The self-proclaimed “first ultra-luxury structure in the Pacific Northwest” pampers the rich in more ways than one, because the Ritz-Carlton is also a tax shelter. Its investors can take advantage of the tax break known as Opportunity Zones.
The Ritz-Carlton is emblematic of what’s wrong with Opportunity Zones, a tax break that enriches the rich while harming the common good. Oregon lawmakers should delay no further in severing ties with this tax subsidy boondoggle.
Opportunity Zones are a set of tax breaks created by the Trump tax plan passed in 2017. They became Oregon tax breaks — piling on to the federal tax breaks — because the state’s tax code often connects automatically to the federal one. The Oregon legislature had the power to say “no,” but it failed to do so.
Opportunity Zones encompass three different tax breaks for capital gains income — the profits from selling investments in things such as stocks, businesses, and real estate. To benefit, you must invest in “Opportunity Funds” that then invest in real estate projects or businesses located within areas designated as “Opportunity Zones.” The profits reaped by investors get taxed at a lower rate than they normally would or escape taxation altogether, depending on how long the money is invested.
Concocted by a Facebook billionaire, this tax break should come with a label: only the rich need apply. One study estimated the income of the average investor to be $4.9 million. That’s not surprising, given that capital gains are concentrated in the hands of the rich. About 85% of all capital gains flowing to Oregonians in 2020 went to the richest 5%. And more than a third went to the richest one-tenth of 1% — the richest one out of every thousand Oregonians.
The concentration of capital gains income is a key driver of economic inequality, which stands at record-levels. Opportunity Zones pour fuel on the raging fire that is economic inequality.
Opportunity Zones also harm Oregonians by depriving the state of tax revenue.

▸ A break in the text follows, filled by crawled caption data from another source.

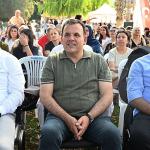 Kemer'de Halk Eğitim Merkezi Yıl Sonu Sergisi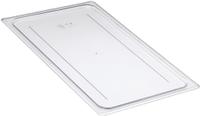 Cambro transparant polycarbonaat deksel GN 1/1 | DC662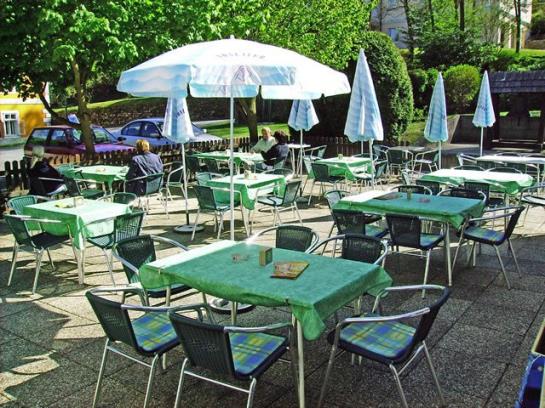 ペンション Gasthof Hammerschmiede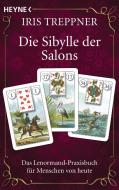 Die Sibylle der Salons di Iris Treppner edito da Heyne Taschenbuch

The taxes wealthy investors avoid through Opportunity Zones is money that could instead go to improve our schools, make college more affordable, expand affordable housing, or fund other ways of making Oregon more prosperous.
Though the exact amount of revenue lost by the state is unclear, it’s substantial. A recent study estimated that, from 2020 to 2024, the federal government will lose about $8.2 billion in foregone revenue, making Opportunity Zones “the largest ongoing federal community economic development program in the U.S.” In Oregon, the tax break is costing tens of millions in each budget period.The costliest part of the tax break seems set to arrive later this decade, when the investments become tax free.
For the big hit to the public purse, you might expect some good to come out of Opportunity Zones, but you’d be hard pressed to find it. Research points to “mixed, limited, or no effects” on things like the number of job postings and the formation of new businesses in the areas designated as Opportunity Zones. One study found no real improvement on the employment, earnings, or poverty rates of the people living in the zones — the purported goal.
The reality is that Opportunity Zones subsidize investments that, like the Ritz-Carlton, would happen anyway. The money has gone into marinas for superyachts, luxury hotels, and self-storage warehouses, instead of going to affordable housing or businesses that would lift up the people living in Opportunity Zones.
Enough time remains this legislative session for Oregon to cut ties with the Opportunity Zones tax break. House Bill 3039 would end the state’s version of this subsidy. Lawmakers can rest assured that Oregonians would much prefer to see public resources going to schools, childcare and affordable housing, than to the pockets of wealthy investors.